Post
Topic
Board Bitcoin Discussion
Re: How merchant will behave when there is hard fork & they are not sure who win?
by
twolifeinexile
on 20/02/2013, 22:49:32 UTC
Then no matter how miners behave, [...]
If a lot of miners leave to a different fork, you're into 51%ing trouble. A lot of it (especially with ASICs around).
But you just ask the guy pay you in both chains (same amount), how could you lose? The guy who pay doesn't care either, since now matter who wins, he spend the same BTC.

The firm I work for, which has made substantial investment into Bitcoin, has already thought quite a bit about this.  This is what we're doing and thinking:

* While this block size issue remains such a big uncertainty, we have drastically slowed our pace of investment and we've shelved some start-ups that were already in progress.  We're not stopping or backing out, but we're proceeding much slower and more cautiously until a clearer resolution to this problem appears.

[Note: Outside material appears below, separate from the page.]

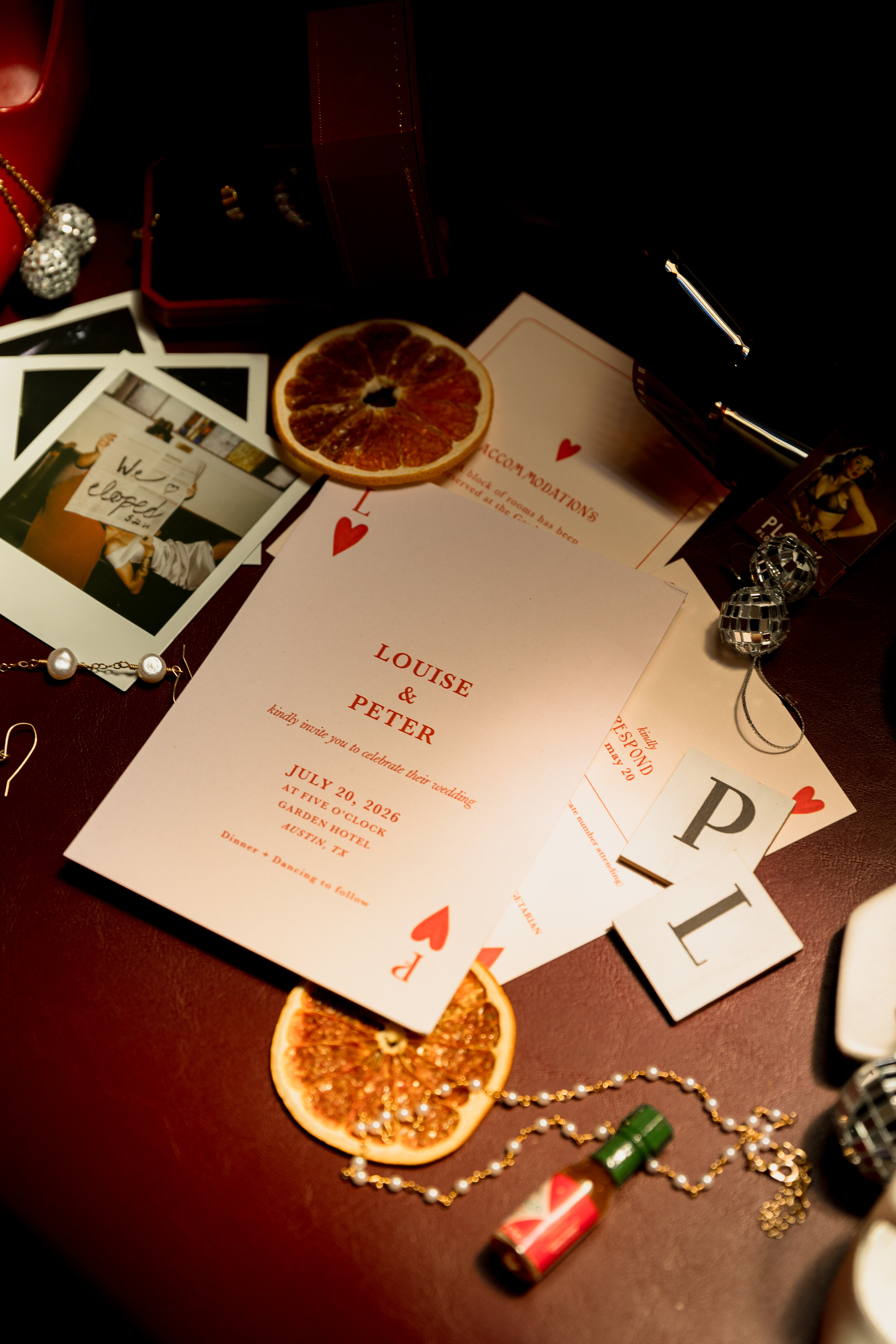 detail shot of  a flatlay invitation suite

* If we approach the 1MB limit and a solution does not appear forthcoming, we'll cease all new investment.

* If we pass the 1MB limit without a solution, seeing even the slightest hint that Bitcoin's competitive advantages over the conventional banking and payment systems are being eroded due to an inability to scale, we'll dump all our bitcoin assets and holdings.

* If a controversial solution is proposed, with fierce arguments on multiple sides, we will follow Gavin's fork, even if it's not ideal, on all our sites that accept BTC.

* If the fork hits, and there's even the slightest uncertainty as to which will survive, we will immediately dump all our bitcoin assets and holdings.  We will remove Bitcoin from all of our sites that accept multiple payment methods -- at least while we wait to see how things play out.

* If one fork kills off the other, we'll adopt that one and go back to business as usual.

* If both forks survive, with both being widely accepted (for example if Mt.Gox begins accepting Bitcoin-A and Bitcoin-B), we'll accept neither, dump everything, and write off blockchain based currencies and too risky and too unstable.

What we really hope to see is a nice, smooth transition to a system that scales, which very large majority of the network, including major service providers, agree to.

Thanks, this is a real plan of a merchant facing hard fork uncertainty, can I ask why not accepting both Bitcoin-A and Bitcoin-B in the same amount (except you are losing confidence on crytocurrency concept as a whole)?